Many researchers [19,20] have noted that age is one factor affecting insulin sensitivity and that with an increase in age, there is a progressive increase in IR . In the present study, there was no significant difference in age of mother in all the case groups (p>0.05). Age matched cases and controls were taken in order to remove one of the main confounding factor.
The present study looks at the status of IR in different trimesters of pregnancy. The average period of gestation in each groups were 10.4±0.82 weeks, 16.35±0.93 weeks and 34.35±2.76 weeks for groups I, II and III respectively. Diseases such as hypertension, diabetes, etc are associated with presence of IR [21]. Such subjects were excluded from study to remove the bias. No significant difference in FPG concentration was seen amongst all the study groups. Also, FSI concentration were significantly lower in controls when compared to cases in groups II and III. Non-significant but higher levels of FSI were noted in group I when compared with controls.
Serum insulin levels were significantly higher in 3rd trimester when compared with 2nd trimester and those of the 2nd trimester were significantly higher when compared with 1st trimester (p<0.05). These findings therefore suggest that there is progressive rise in insulin secretion as the pregnancy advances, indirectly signifying an increase in IR as the pregnancy advances. Similar finding had been reported by Stanley K et al., [12]. Catalano P et al., found significant 65% increase in both basal insulin and C-peptide concentrations in all subjects with advancing gestation [22]. In the present study, it was observed that the mean fasting insulin levels were 61% higher in 3rd trimester and 29% higher in 2nd trimester of pregnancy when compared with non-pregnant controls.
The mean plasma glucose concentrations in all study groups are not significantly different but there is a significant decrease in FGIR in 3rd trimester when compared with controls. It shows increase in insulin requirement to maintain the similar plasma glucose concentration in women of group III [23]. In the study done by Buchanan T et al., researchers found that there is gradual decline in insulin sensitivity as the pregnancy advances. So the amount of insulin produced in response to glucose concentration also gradually increases [24]. In normal pregnancy, there is an approximate 50% decrease in insulin-mediated glucose disposal and a 200% to 250% increase in insulin secretion to maintain euglycemia in the mother [25].

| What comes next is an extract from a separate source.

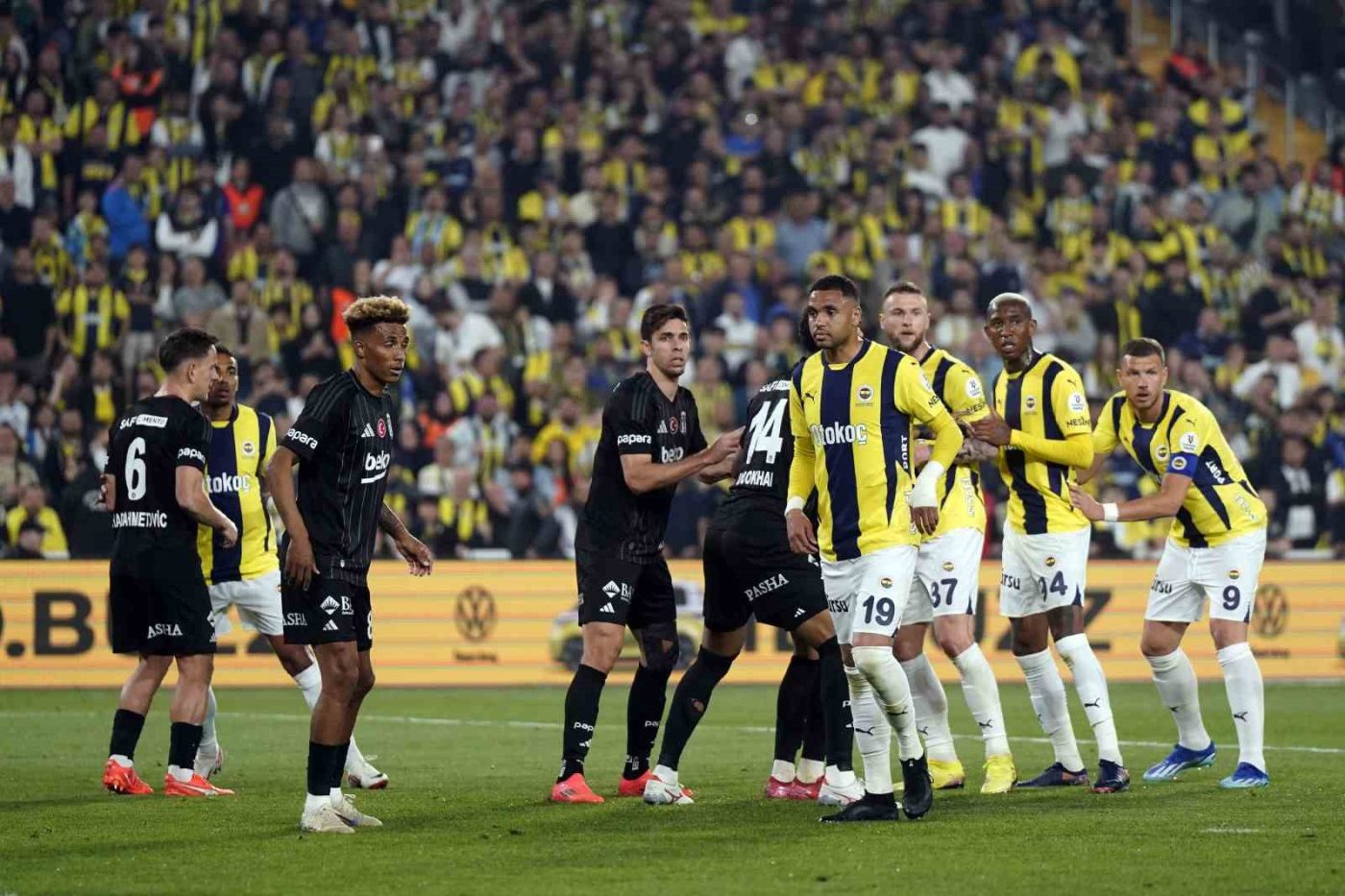 Trendyol Süper Lig’de konuk ettiği Beşiktaş’a 1-0 kaybeden Fenerbahçe’nin 17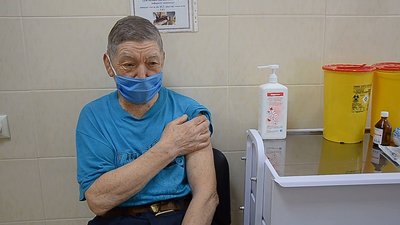 Перший місяць вакцинації на Тернопільщині: скільки людей отримали щеплення від COVID-19 Перший місяць вакцинації на Тернопільщині: скільки людей отримали щеплення від COVID-19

QUICKI has proved to be a versatile tool in measuring IR. It has shown linear relation with other gold standard technique such as euglycemic hyperinsulinemic clamp testing, frequently sampled intravenous glucose tolerance test (FSIVGTT) [17,23,26]. In this study, significantly lower levels of QUICKI were obtained in 2nd and 3rd trimester as compared with non-pregnant controls thus suggesting the presence of IR .
Log FSI and log HOMA1-IR can also be used to evaluate the IR [17]. Evaluation with these markers has also shown presence of IR in women at 2nd and 3rd trimester of pregnancy when compared with controls.
Women with increased IR are more prone to develop preeclampsia & gestational diabetes. Preeclampsia is associated with increased expression of TNFα and other inflammatory marker which causes IR [27–28]. Increased IR leads to dyslipidemia [29] that can worsen the placental ischemia leading to vicious cycle of ischemia-inflammation-IR-dyslipidemia-ischemia. In prospective studies it is proven that most women, who develop gestational diabetes, have increased IR caused by alteration in insulin signaling pathway, abnormal subcellular localization of GLUT4 transporters, increased expression of the membrane glycoprotein PC-1 or reduced insulin-mediated glucose transport [30].
Increased IR is also associated with occurrence of premature labour, antepartum or postpartum hemorrhage and fetal complications like intrauterine growth retardation or fetal overgrowth and prematurity. Presence of IR also increases risk of development of metabolic syndrome, diabetes mellitus, hypertension, hyperlipidemia, and cardiovascular disorders later in life [21,28].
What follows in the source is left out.